Crecemos día a día siguiendo los sabios consejos de nuestros progenitores, consejos recogidos indudablemente de los fracasos y aciertos que han recopilado a lo largo de sus respectivas edades en ese otro “edén” que en nada se parece al nuestro. Quizá la vida, que es una señora a la que todo el mundo quiere, nunca disfrutó de una infancia como la nuestra y tal vez naciera condenada a ser la pariente más cercana de la muerte.
Cuando nos acercamos a esa edad en la que nuestro raciocinio interpreta, a su modo, las más sólidas bases de la filosofía e intentamos demostrar que no todo en política han de ser palabras e irremediablemente hay que pasar a los hechos, nos damos de bruces con la malparida de todas las palabras: IMPOTENCIA.
Pero… ¿Impotencia por ser joven? No. Impotencia por tener que claudicar ante un sistema tan autoritario como cínico (véase en las diferentes negociaciones que afectan a los nacionalistas). El estado negocia ostentando el parabién del gobierno, cuando debería ser lo contrario, me explico: debería ser el gobierno quien negociara si el pueblo le diera el parabién. En todo caso habría que ver los resultados, mediante referéndum, en las distintas comunidades autónomas, a la pregunta: ¿Quiere V.D. que su país autónomo se independice?
Ciertamente habría que ahondar muchísimo, ya por la decisión en sí, ya por la información a tener en cuenta. Bien es verdad que esa decisión la hemos tenido que tomar un día de nuestra vida al pretender emanciparnos, pero sin desarraigos importantes para con los nuestros, ni mucho menos utilizar vocablos malsonantes contra ellos.

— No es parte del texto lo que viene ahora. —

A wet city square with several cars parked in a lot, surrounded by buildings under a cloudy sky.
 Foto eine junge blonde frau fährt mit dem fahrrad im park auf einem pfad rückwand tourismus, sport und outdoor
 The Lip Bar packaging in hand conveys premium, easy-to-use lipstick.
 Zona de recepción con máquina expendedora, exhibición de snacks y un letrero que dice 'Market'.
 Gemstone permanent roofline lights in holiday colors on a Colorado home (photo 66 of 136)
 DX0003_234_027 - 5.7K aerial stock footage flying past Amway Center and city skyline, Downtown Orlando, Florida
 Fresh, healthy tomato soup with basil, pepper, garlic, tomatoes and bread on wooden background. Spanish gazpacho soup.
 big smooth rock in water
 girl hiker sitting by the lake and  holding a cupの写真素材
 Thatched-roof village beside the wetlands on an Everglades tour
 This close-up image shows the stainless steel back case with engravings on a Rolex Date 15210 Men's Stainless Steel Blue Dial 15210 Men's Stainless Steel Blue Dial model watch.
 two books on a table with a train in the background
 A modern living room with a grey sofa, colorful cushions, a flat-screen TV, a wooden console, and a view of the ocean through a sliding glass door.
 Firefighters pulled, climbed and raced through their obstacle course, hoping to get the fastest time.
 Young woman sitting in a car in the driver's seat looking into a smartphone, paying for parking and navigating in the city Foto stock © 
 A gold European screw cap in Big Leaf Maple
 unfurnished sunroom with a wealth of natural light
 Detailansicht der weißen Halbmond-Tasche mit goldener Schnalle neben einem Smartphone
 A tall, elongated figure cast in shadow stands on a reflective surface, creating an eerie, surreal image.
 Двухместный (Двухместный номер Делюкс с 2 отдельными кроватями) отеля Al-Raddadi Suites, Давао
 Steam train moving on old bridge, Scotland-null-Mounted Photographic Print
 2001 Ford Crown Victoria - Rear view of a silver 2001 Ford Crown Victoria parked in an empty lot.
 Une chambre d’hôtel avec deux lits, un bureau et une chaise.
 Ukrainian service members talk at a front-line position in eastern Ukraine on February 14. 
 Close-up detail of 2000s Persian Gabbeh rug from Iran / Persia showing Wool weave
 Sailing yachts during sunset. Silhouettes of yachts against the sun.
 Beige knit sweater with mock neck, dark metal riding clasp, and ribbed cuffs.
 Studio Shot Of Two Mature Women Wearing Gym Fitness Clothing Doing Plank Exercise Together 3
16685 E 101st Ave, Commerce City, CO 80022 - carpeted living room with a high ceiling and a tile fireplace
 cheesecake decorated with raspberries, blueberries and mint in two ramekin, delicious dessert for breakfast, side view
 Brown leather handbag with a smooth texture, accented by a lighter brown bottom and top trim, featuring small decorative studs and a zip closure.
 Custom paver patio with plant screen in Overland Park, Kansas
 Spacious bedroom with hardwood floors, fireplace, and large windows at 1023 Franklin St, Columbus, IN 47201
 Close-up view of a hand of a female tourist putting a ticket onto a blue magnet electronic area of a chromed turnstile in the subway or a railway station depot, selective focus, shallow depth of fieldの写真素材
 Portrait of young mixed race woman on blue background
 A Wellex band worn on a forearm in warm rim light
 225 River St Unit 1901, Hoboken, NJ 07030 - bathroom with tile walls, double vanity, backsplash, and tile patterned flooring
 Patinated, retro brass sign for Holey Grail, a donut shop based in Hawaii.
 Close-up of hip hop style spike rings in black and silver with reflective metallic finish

En esta guerra sucede a menudo la dialéctica, los formalismos e incluso la educación inestabilizan, por así decirlo, la moralidad plural de los que, sin duda, tienen en sus manos el verdadero poder -el pueblo -, y la juventud se da perfectamente cuenta de ello; así pues, cuando algún que otro vejestorio escupe su ilimitada verborrea no dejando de aludir constantemente a los tiempos en que su preparación política era digna y le impedía decir estupideces, lo mejor es apagar el medio de difusión y pensar en uno mismo y reflexionar sobre el enorme sufrimiento agolpado en toda la sociedad que a sí misma se cree libre. No. No hay libertad. Nuestra libertad está condicionada, nuestras leyes acusan el desamparo de los más necesitados de justicia en detrimento de los grandes capitales, nada a lo que hoy asistimos tiene que ver con ese “edén” que infantilmente soñábamos.
Nada excepto esa impronta de juventud, que, sin darnos cuenta, perdemos, merece la pena y es la estación más hermosa y envidiada de nuestra efímera existencia por cuantas cualidades en ella se alcanzan. Bien plasmado lo dejó escrito por los siglos de los siglos nuestro poeta Rubén Darío: “Juventud, divino tesoro”.